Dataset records
↓
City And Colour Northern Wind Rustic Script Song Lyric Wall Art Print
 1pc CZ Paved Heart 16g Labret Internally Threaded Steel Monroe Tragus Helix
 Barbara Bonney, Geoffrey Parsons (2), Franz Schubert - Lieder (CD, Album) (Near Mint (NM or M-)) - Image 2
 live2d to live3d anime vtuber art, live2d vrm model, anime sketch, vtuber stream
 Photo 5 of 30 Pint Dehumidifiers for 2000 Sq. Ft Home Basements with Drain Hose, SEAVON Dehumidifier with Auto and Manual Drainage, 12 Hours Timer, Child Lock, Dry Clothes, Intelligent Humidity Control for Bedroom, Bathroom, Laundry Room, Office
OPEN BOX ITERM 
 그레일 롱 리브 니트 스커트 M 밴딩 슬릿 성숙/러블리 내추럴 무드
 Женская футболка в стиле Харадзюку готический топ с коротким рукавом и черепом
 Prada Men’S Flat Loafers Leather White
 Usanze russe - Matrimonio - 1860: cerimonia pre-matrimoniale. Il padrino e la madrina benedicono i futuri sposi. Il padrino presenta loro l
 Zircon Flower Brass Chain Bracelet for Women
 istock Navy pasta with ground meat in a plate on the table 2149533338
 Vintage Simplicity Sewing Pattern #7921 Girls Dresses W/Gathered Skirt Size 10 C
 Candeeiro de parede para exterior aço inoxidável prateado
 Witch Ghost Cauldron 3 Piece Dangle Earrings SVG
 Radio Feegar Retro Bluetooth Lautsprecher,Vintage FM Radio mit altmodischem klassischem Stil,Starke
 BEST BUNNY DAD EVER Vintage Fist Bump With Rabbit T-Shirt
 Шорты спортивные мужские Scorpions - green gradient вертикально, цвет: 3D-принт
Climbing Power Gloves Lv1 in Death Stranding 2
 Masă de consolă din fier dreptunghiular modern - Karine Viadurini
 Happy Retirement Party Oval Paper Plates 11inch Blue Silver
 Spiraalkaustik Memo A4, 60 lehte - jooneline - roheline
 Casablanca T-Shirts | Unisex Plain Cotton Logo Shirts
↑
Before answering, count every line of the data that holds the word "Vintage"; the reply is that number only.

▶ _Result of the exercise_:
3